Thoughts on DALL·E 3
In less than a year, the quality of the images generated by DALL·E has improved dramatically. In Oct’22 I had given DALL·E 2 some unusual cricket related prompts. I revisited them to compare the results against DALL·E 3.
My first prompt:
Astronauts playing cricket on moon
Resulted in a set of these four images:
While DALL·E 2 had struggled to render the humans, the wickets and the bats accurately, DALL·E 3 had no problems with them. Sure, there are still a lot other issues with these images - multiple moons or earths in the background, missing helmets, beard jutting out of at least one astronaut’s visor and in one case, batsmen standing across the width of the crease rather than its length. But still, I couldn’t help but be impressed by how far we have come in a matter of months. DALL·E 2 had seemed quite revolutionary back then but relative to DALL·E 3, its output looks like grotesque smudges.
One of the questions I had raised in my original post…
What race or skin tone should the AI have given to these depictions of humans? To say nothing of their gender. Did DALL·E try to cop out of having to settle this question by generating generic illustrations of humans in spacesuits as the first three choices? The reality with AI is often more anodyne - it merely reflects the images the model was trained on.
…seems to have been addressed.
This prompt covers two human endeavours that are not very diverse individually, let alone their intersection. DALL·E 3 still did a fine job of producing pictures that were very inclusive. It does so by rewriting your prompts before feeding them into the image generation pipeline. In doing so, it adds a bit more detail and variation. My succinct five-word prompt was rewritten four times with specifics of gender and race:
Photo of a female astronaut of Asian descent and a male astronaut of African descent playing cricket on the moon’s surface, with Earth in the background.
Illustration of two astronauts, one of Hispanic descent and one of Caucasian descent, engaged in a game of cricket on the moon. The moon’s craters and the pitch are clearly visible.

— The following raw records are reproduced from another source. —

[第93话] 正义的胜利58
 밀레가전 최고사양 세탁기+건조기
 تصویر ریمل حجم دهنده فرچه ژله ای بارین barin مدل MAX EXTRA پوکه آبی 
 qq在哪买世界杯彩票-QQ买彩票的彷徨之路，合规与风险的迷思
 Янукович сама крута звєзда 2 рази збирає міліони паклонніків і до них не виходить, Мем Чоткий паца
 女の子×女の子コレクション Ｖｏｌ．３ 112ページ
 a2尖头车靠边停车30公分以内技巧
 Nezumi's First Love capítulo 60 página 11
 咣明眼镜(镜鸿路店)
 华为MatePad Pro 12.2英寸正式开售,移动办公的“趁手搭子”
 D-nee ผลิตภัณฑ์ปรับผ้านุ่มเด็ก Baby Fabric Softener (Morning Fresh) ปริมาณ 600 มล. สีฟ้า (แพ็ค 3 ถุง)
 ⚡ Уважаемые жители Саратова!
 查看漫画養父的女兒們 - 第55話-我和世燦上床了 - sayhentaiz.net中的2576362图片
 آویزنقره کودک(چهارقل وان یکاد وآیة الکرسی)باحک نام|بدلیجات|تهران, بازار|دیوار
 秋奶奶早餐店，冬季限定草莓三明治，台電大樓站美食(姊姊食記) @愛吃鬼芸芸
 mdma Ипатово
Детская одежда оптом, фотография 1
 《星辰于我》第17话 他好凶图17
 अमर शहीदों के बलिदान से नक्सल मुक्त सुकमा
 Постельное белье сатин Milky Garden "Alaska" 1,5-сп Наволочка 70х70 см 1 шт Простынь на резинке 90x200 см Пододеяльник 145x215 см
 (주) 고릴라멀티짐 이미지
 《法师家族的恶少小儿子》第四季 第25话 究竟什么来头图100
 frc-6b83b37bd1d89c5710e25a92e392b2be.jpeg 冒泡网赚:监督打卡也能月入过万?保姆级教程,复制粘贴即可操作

Rendered image of a male astronaut of Middle Eastern descent bowling to a female astronaut of European descent on the moon. The cricket bat, ball, and wickets are clearly seen.
Photo of three astronauts, one male of Indian descent, one female of Indigenous descent, and another male of mixed race, playing cricket on the moon with the stars shining brightly above.
My second prompt…
Astronauts playing cricket on moon with three slips and a gully and earth rising in the background
…did not result in images of astronauts holding impossibly long bats bordering on polo sticks. Still, as impressive as the output is visually, it is a long way away from the cricket field setting the prompt describes. In the last image, a white cricket ball is seen lying in a crater - one wonders if they just chose a terrible spot for the pitch or if it was made by a bowler pitching with superhuman strength.
My final prompt gave results that also looked quite plausible:
Sachin Tendulkar playing a pull shot while riding an elephant in Mumbai
While I woundn’t mistake any of the players as Sachin Tendulkar, they definitely look like cricket players and not mahauts on tuskless elephants with polo sticks that DALL·E 2 had generated in 2022. More importantly, the backgrounds in all four images are quite evocative of Mumbai. Especially the building in the background of the first image - it looks like the facade of the iconic Taj Mahal Palace hotel.
And once you know that DALL·E rewrites yours prompts you can also ask it not to. You get four1 identical images but they adhere much more closely to your prompt’s intent. In my case, I finally got someone that might pass for Sachin Tendulakar from a distance.
At this rate, you could expect another post next year where I wonder what exactly had impressed me about these pictures by DALL·E 3.
Four images was the default images DALL·E 3 would render in response to a prompt when it had launched last year. Within a few weeks of the launch, they seem to have been reduced it to two - presumably to save GPU resources in the face of massive demand?↩︎